Inspiration

We’ve all experienced it: facing a wall of legal text in Terms & Conditions and instinctively clicking “I Agree” without reading. These documents are often long, dense, and filled with legal jargon making it nearly impossible for everyday users to understand what they’re agreeing to.

In an age where online safety and data privacy are increasingly under threat, this poses a serious risk. We were inspired to build a solution that empowers users to make informed decisions by summarizing complex T&Cs into something simple, readable, and actionable.

What it does

Legal Aid is a two-step pipeline that transforms lengthy, jargon-heavy legal agreements into short, understandable summaries.
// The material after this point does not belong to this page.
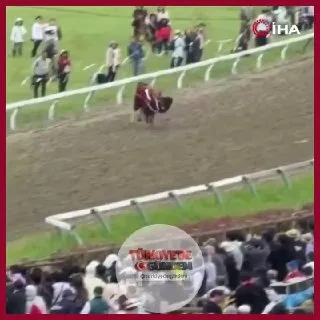 Japonya'da düzenlenen bir festivalde kontrolden çıkan bir atın kalabalığın arasına dalması sonucu altı kişi yaralandı.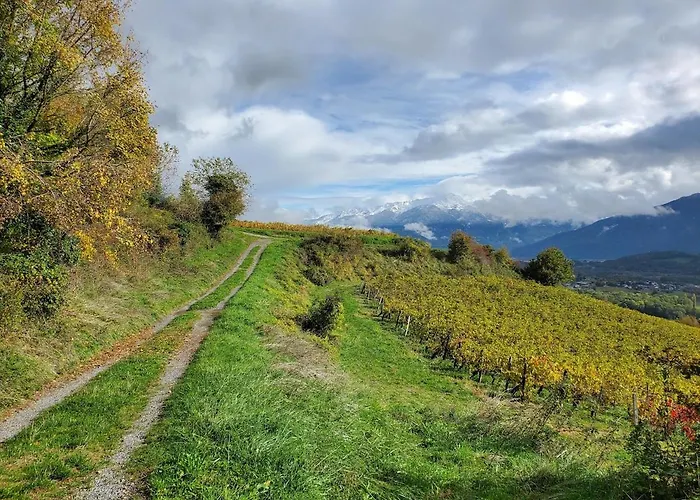 Casa de Férias Petit Sartot De Vignerons *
Given any Terms & Conditions input, it:

  1. Extracts the text under Terms of Services and Terms and Conditions.
  2. Feeds them into a fine-tuned Llama 3.1-8b-instruct model with a propmt to extract negative implications.

The final output is a concise, readable overview of the key points helping users know what they’re agreeing to before clicking "Accept."

How we built it

We used a two-stage NLP pipeline:

  1. Extractive Summarization
    Using Selenium and webscraping, we extract sentences from the document.

  2. Abstractive Summarization
    These extracted sentences are then passed through the LLama model from Hugging Face to summarize T&Cs in a clear, user-friendly format.

Tech Stack:

  • JavaScript
  • Manifest V3 Extension
  • Hugging Face Llama 3.1-8b-instruct model
  • HTML
  • CSS
  • Flask

Challenges we ran into

  • Token Limitations: Many T&Cs exceed the input token limit for transformer models. We had to preprocess, chunk, or truncate input text while preserving meaning.
  • Legal Language Complexity: Accurately simplifying legal text without losing critical meaning was a fine balance.
  • Evaluation: Since T&Cs are often vague or open to interpretation, evaluating the quality of summaries was difficult.
  • Latency: The summarization process can take time especially with large inputs or API latency from hosted models.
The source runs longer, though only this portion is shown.